Exercise instructions: Would you repeat word for word the lines of the listing that follows, from the one with "Полотенце Ardesto набор" up to and including the one with "Paint splash red, black", and leave out the images?

Input:

--- START ---

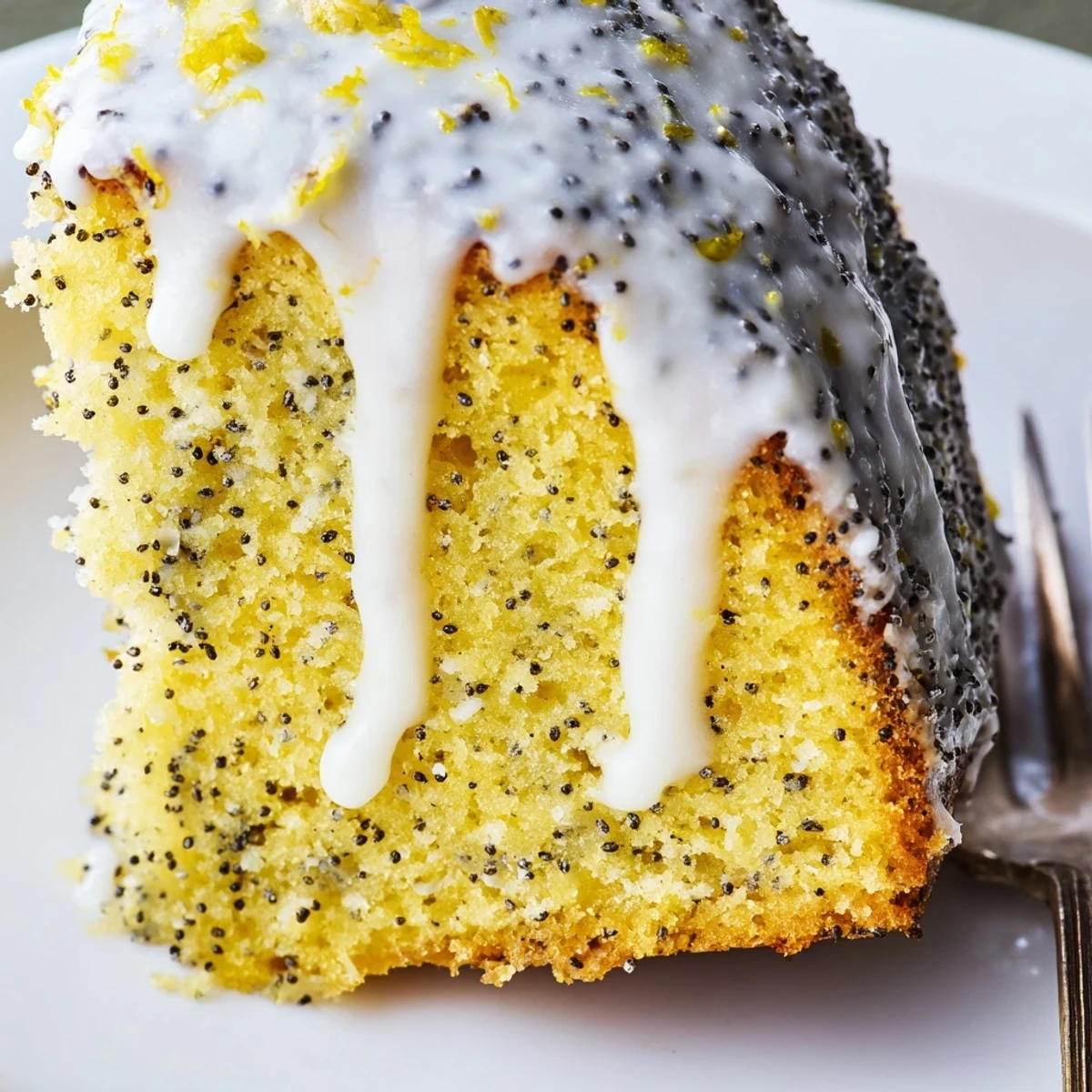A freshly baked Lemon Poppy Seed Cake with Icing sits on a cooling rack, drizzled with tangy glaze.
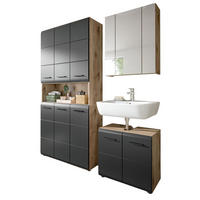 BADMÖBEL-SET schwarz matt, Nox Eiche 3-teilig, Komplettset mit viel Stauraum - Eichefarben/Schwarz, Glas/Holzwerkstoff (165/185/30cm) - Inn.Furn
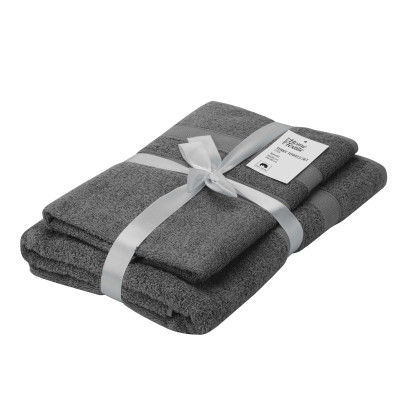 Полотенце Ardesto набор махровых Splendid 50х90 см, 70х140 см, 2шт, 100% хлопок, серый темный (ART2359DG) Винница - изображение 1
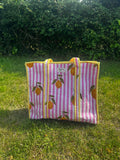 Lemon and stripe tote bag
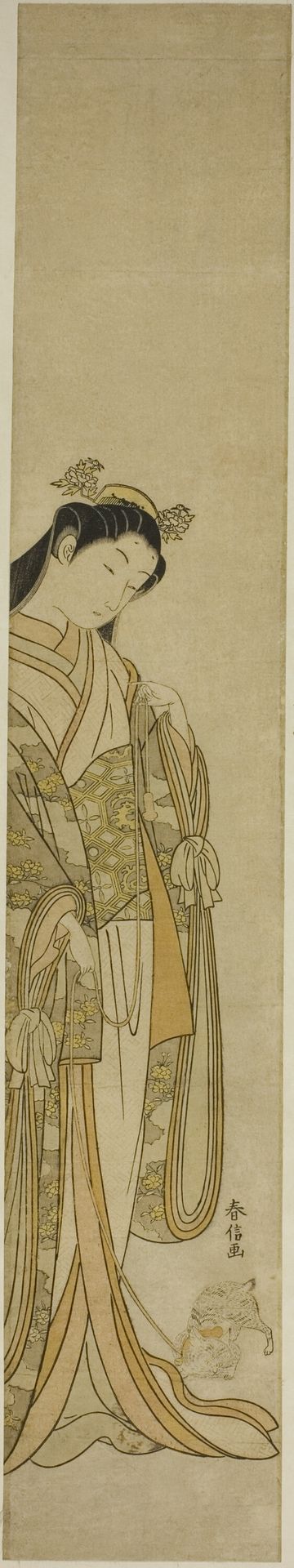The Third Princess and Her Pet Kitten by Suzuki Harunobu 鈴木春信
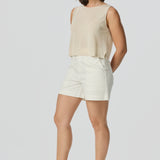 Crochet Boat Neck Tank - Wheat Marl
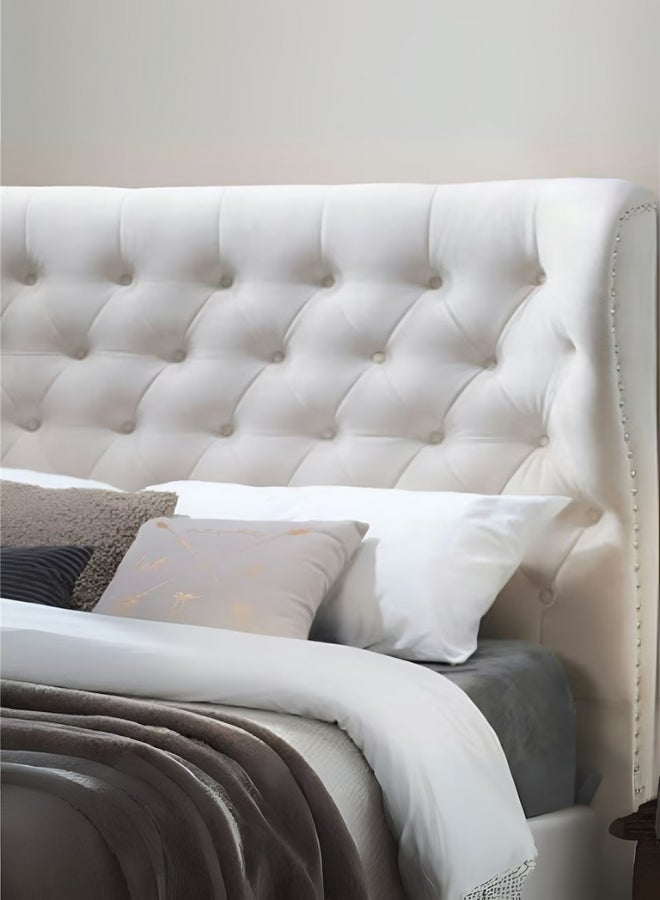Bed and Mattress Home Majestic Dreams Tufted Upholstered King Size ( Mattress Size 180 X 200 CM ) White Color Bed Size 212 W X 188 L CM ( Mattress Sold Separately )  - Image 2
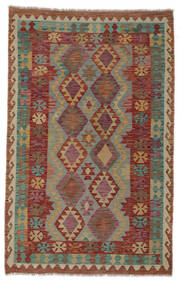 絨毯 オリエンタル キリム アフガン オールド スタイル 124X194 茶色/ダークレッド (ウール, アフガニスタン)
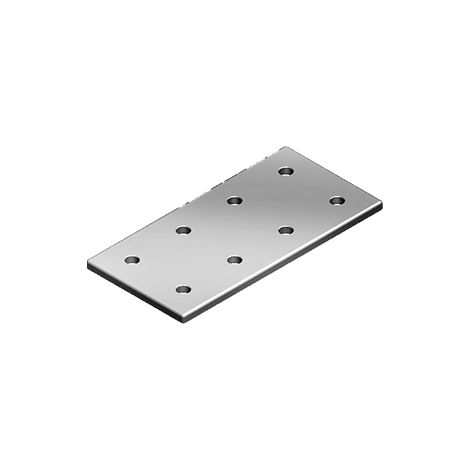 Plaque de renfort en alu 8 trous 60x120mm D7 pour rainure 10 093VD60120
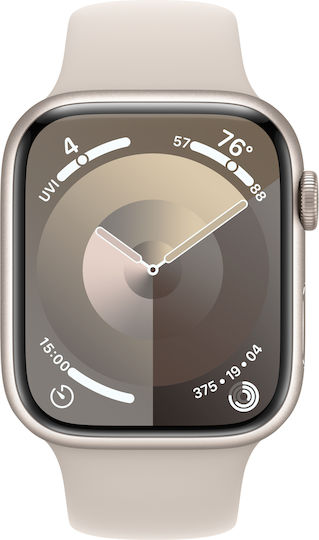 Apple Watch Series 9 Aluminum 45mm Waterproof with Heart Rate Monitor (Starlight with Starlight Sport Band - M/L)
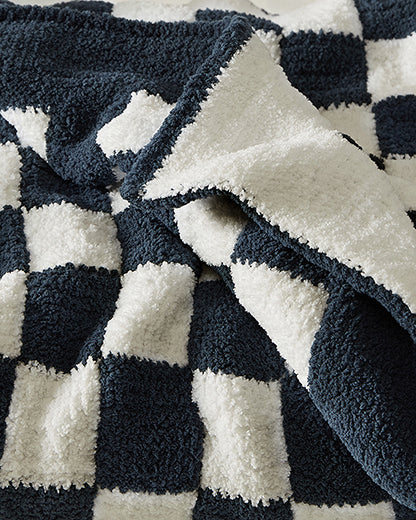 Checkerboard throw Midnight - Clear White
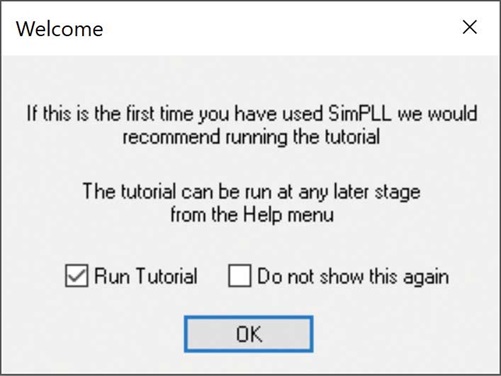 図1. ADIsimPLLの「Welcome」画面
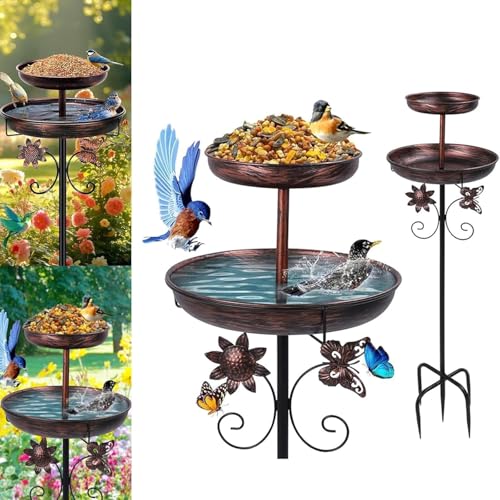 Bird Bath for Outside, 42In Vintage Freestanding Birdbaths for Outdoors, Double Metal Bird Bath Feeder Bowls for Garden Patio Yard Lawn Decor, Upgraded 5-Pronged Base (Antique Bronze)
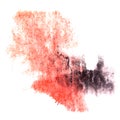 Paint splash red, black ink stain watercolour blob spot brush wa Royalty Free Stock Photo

--- END ---
--- START ---

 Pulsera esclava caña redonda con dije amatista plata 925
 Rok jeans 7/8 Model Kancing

--- END ---
--- START ---

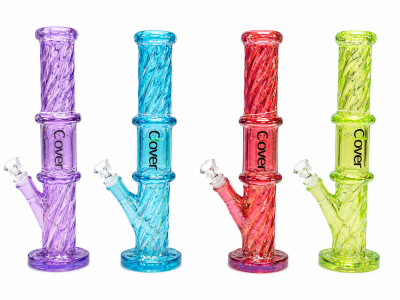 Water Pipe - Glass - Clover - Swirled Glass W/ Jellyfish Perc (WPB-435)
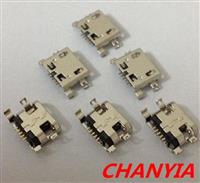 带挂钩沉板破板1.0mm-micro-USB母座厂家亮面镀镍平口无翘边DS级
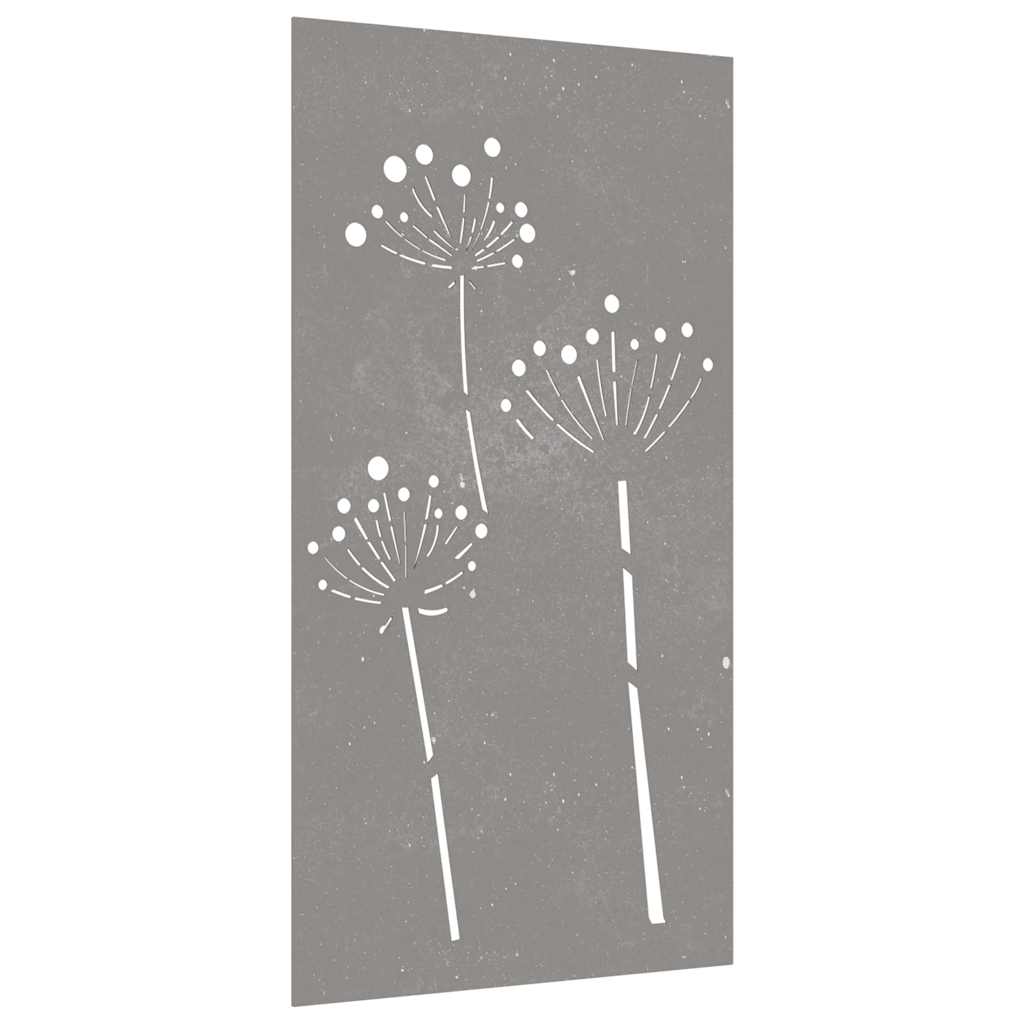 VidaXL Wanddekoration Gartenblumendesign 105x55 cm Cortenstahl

--- END ---

Exercise answer:
 Полотенце Ardesto набор махровых Splendid 50х90 см, 70х140 см, 2шт, 100% хлопок, серый темный (ART2359DG) Винница - изображение 1
 Lemon and stripe tote bag
The Third Princess and Her Pet Kitten by Suzuki Harunobu 鈴木春信
 Crochet Boat Neck Tank - Wheat Marl
Bed and Mattress Home Majestic Dreams Tufted Upholstered King Size ( Mattress Size 180 X 200 CM ) White Color Bed Size 212 W X 188 L CM ( Mattress Sold Separately )  - Image 2
 絨毯 オリエンタル キリム アフガン オールド スタイル 124X194 茶色/ダークレッド (ウール, アフガニスタン)
 Plaque de renfort en alu 8 trous 60x120mm D7 pour rainure 10 093VD60120
 Apple Watch Series 9 Aluminum 45mm Waterproof with Heart Rate Monitor (Starlight with Starlight Sport Band - M/L)
 Checkerboard throw Midnight - Clear White
 図1. ADIsimPLLの「Welcome」画面
 Bird Bath for Outside, 42In Vintage Freestanding Birdbaths for Outdoors, Double Metal Bird Bath Feeder Bowls for Garden Patio Yard Lawn Decor, Upgraded 5-Pronged Base (Antique Bronze)
 Paint splash red, black ink stain watercolour blob spot brush wa Royalty Free Stock Photo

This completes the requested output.